--------------- CADÊ VOVÓ?
 
Ah, já não se fazem vovós como antigamente, alguns dirão. E não se fazem mesmo! A vovó anda sumida, desde aquela vez em que o Lobo Mau a engoliu, para a tristeza e má sorte de Chapeuzinho. Coitada da vovó, acamada, com acessos de tosse, ouvidos enormes, nariz imenso e boca grande: tudo para o bem da menininha da capa vermelha! Só que não! Atrás da figurinha resfriada se escondia o Lobão que deu cabo da boa velhinha que, além de tudo, não ganhou nem doces nem flores da netinha cabeça-de-vento, que se distraíra pelos matos.

A vovó evoluiu e vem evoluindo. Aos sessenta, ela nem sonha abrir mão dos seus sonhos. Aposentou o casaquinho que normalmente carregava sobre os ombros. Despenteou o eterno coquinho enrolado na nuca. Trocou os óculos pela cirurgia, foi ao dentista renovar o sorrisão. Não bastasse, partiu pras academias, e malha mais que qualquer jovenzinha de vinte. Também não se prendeu à condição da aposentadoria e parte pra jornada dupla de trabalho, que muitas vezes é tripla ou pra lá disso. Hoje as vovós nem sempre fazem jus ao lindo e comovente “cabelos de prata e coração de ouro”. Na verdade, o ouro do coração pode até não ter mudado, mas os cabelos não se prendem necessariamente ao prata: podem ser verdes, azuis, roxos e vermelhos, na versão radical das vovós mais radicais, altamente na moda. Tá podendo, a velhinha que antes se limitava ao conforto de sua poltrona, em frente à TV tecendo seu crochê até a hora de ir pra cama, agasalhada em meias e moletons quentinhos, no resguardo aos ventinhos traiçoeiros das madrugadas. Atchim!

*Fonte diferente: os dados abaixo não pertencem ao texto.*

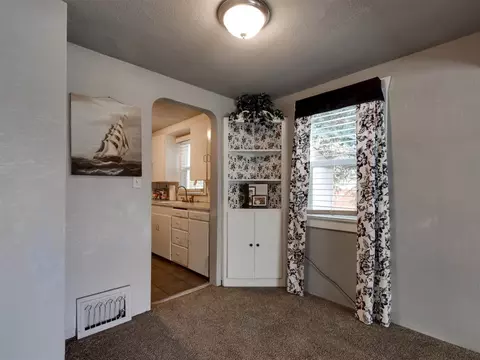 2129 E Sharp Ave, Spokane, WA 99202 photo 6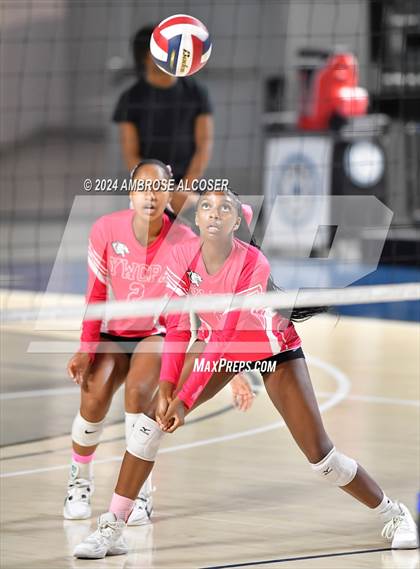 Thumbnail 3 in Washington vs. Houston Young Women's College Preparatory Academy photogallery.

Aos domingos e feriados, as vovós também querem folga. Chega de forno e fogão, enchendo vidros de amanteigados e balinhas de mel para a delícia da molecada. A comida self-service é conforto e descanso para as mãos que já cozinharam além da conta, cuidando de horários corridos e criançada faminta indo e voltando da escola. Hoje as cozinhas repousam mais em paz e já não trazem obrigatoriamente o constante cheirinho do pão de queijo saindo de manhãzinha ou no meio da tarde, direto para a mesa cercada de gente à espera do cafezinho fumegante, sempre à hora.

Aonde andam as vovós? Andam por onde andam os netos, acompanhando-os em passeios. Viajam mundo, percorrem e partilham as mesmas aventuras. E mais: se lançam às modernidades da tecnologia. Possuem Whatsapp e navegam no Facebook. Integrantes ativas das redes sociais, pilotam seus computadores e celulares, muitas vezes com o mesmo desempenho da moçada. E quem achava que vovó era só pra dar conselhos, se enganou. Muitas vezes, elas é que se aconselham com os mais verdinhos, querendo abstrair conhecimentos e expandir possibilidades.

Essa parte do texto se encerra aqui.